Menurut dia, subsidi energi merupakan komitmen pemerintah untuk menjaga daya beli masyarakat dan produktivitas usaha kecil sehingga mendorong pertumbuhan perekonomian nasional.
“Subsidi penting bagi negara kita, karena dengan subsidi pemerintah bisa langsung hadir di hadapan masyarakat dan membantu masyarakat dalam menghadapi perubahan harga, akses terhadap peralatan, dan lain-lain,” kata Issa dalam sambutannya pada acara tersebut.
Sebelumnya diberitakan, Kementerian Energi dan Sumber Daya Mineral (ESDM) sempat menyuarakan kekhawatiran atas langkah PT Pertamina (Persero) yang menahan kenaikan harga minyak mulai 1 Maret 2024. Kembali terjadi pada awal Februari 2024 setelah tindakan tersebut.
Di sisi lain, perusahaan swasta seperti BP-AKR dan Shell Indonesia memilih menaikkan harga bahan bakar di SPBU mereka selama bulan Februari dan Maret.

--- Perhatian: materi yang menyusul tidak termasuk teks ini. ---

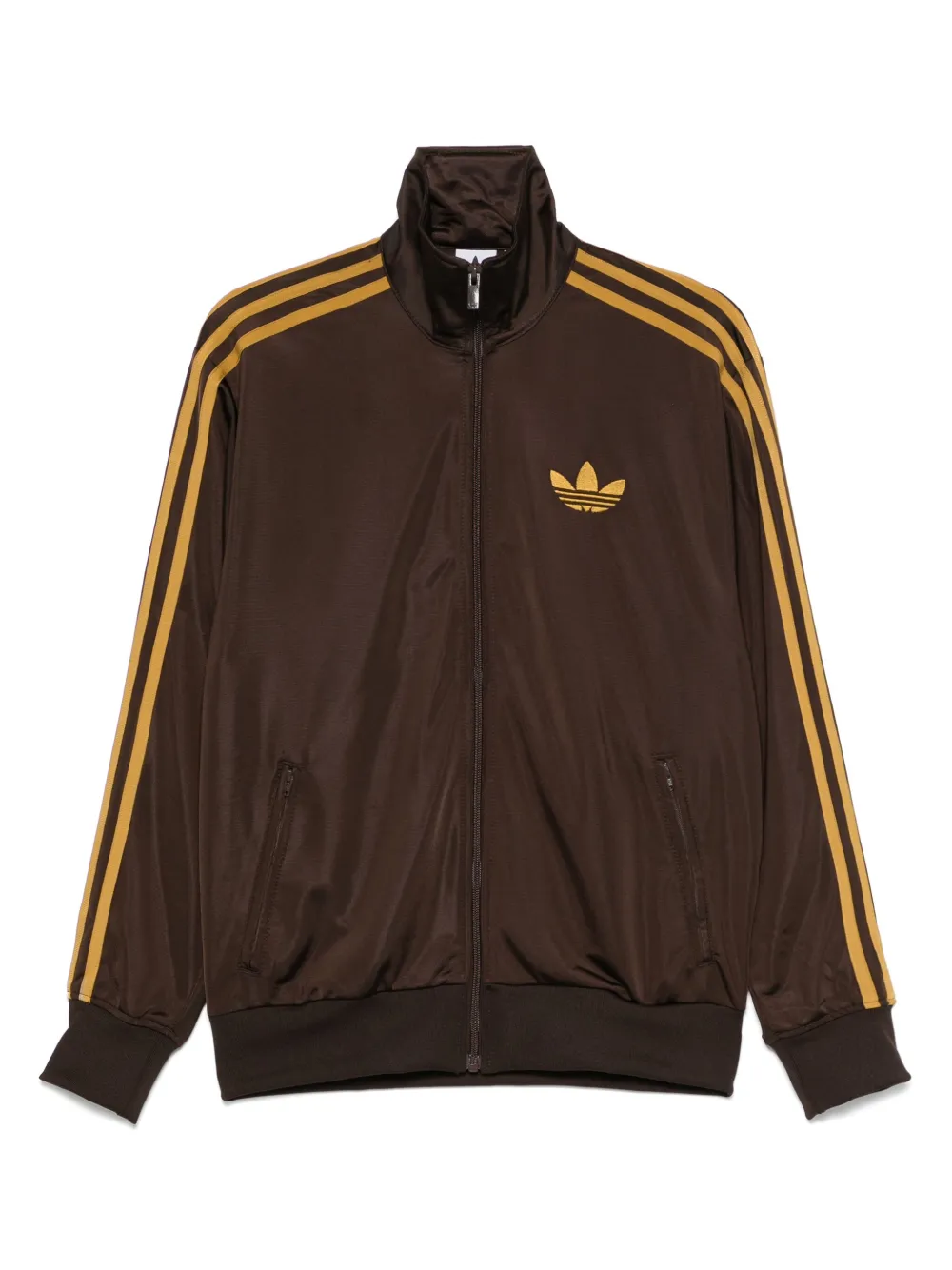 Adidas Firebird trainingsjack Bruin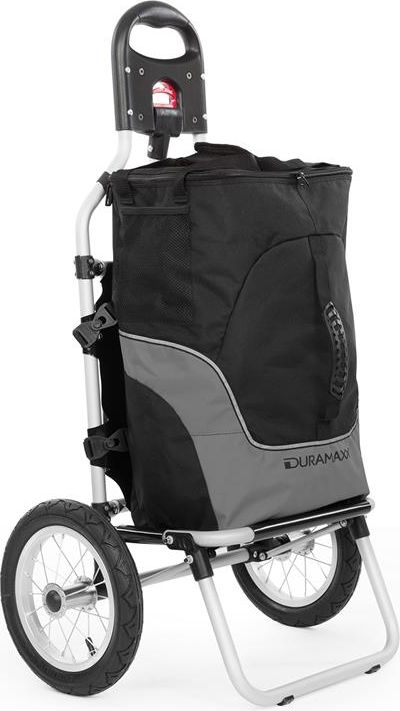 Duramaxx Carry Grey - obrázek 1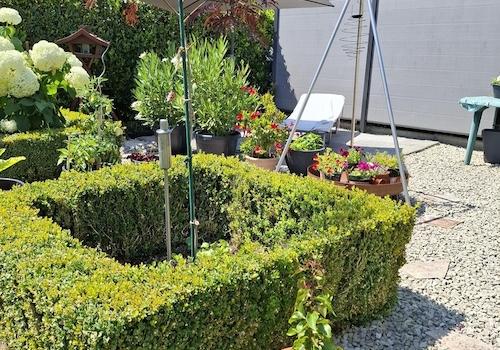 Garten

Sekretaris Jenderal Kementerian ESDM Dadan Kasdiana mengatakan, kebijakan terkait harga minyak merupakan kebijakan dan tanggung jawab setiap lembaga dunia usaha. Oleh karena itu, pemerintah tidak bisa melakukan intervensi.
“Aturannya sudah jelas, kasih informasi saja di sini. Sepanjang di koridor, dan di bisnis BBM. Jumat (1/3/2024),” kata Dadan di Kantor Kementerian ESDM. Sumber Daya Mineral, Jakarta.
Menurut dia, harga minyak tidak bersubsidi pasti terdampak dengan anjloknya harga minyak dunia. Oleh karena itu, patokan harga BBM nonsubsidi di pasaran diserahkan kepada masing-masing badan usaha.
“Terserah bisnisnya mau menyesuaikan naik turunnya,” kata Dadan.
Sebelumnya, Sekretaris PT Pertamina Patra Niaga Arto Gunting mengatakan, ada tiga alasan di balik keputusan Pertamina tidak menaikkan harga BBM pada Maret ini.
Pertama, Pertamina melihat harga minyak mentah global masih terkendali. Kedua, Pertamina menilai transaksi di MOPS masih aman. Menurut situs Kementerian Keuangan, Mid Oil Platt’s Singapore atau disingkat MOPS adalah harga jual beli pembelian di pasar minyak di Singapura.
Nilai tukar tiga rupee terhadap mata uang asing memasuki bulan Maret masih terkendali. Melansir laman Ben Indonesia, nilai tukar rupiah saat ini Rp 15.793 per USD terhadap USD.
Hingga saat ini harga BBM nonsubsidi tidak mengalami perubahan pada hari ini 1 Maret 2024 sehingga masih sama dengan harga sebelumnya atau harga Februari, kata Arto Gunting dalam keterangannya di Jakarta, Jumat. 1/3/2024).
Namun secara berkala, Pertamina akan mengkaji ulang harga BBM bersubsidi dan non-subsidi. Hal ini untuk memastikan pendapatan perusahaan tetap terjaga.
“Kami terus mengkaji harga BBM non-subsidi, melihat tren harga minyak mentah, MOPS dan nilai tukar. Jika tidak ada penyesuaian harga BBM non-subsidi, sedangkan MOPS dan nilai tukar meningkat, maka tentu akan mengoreksi keakuratan pendapatan perusahaan,” jelasnya.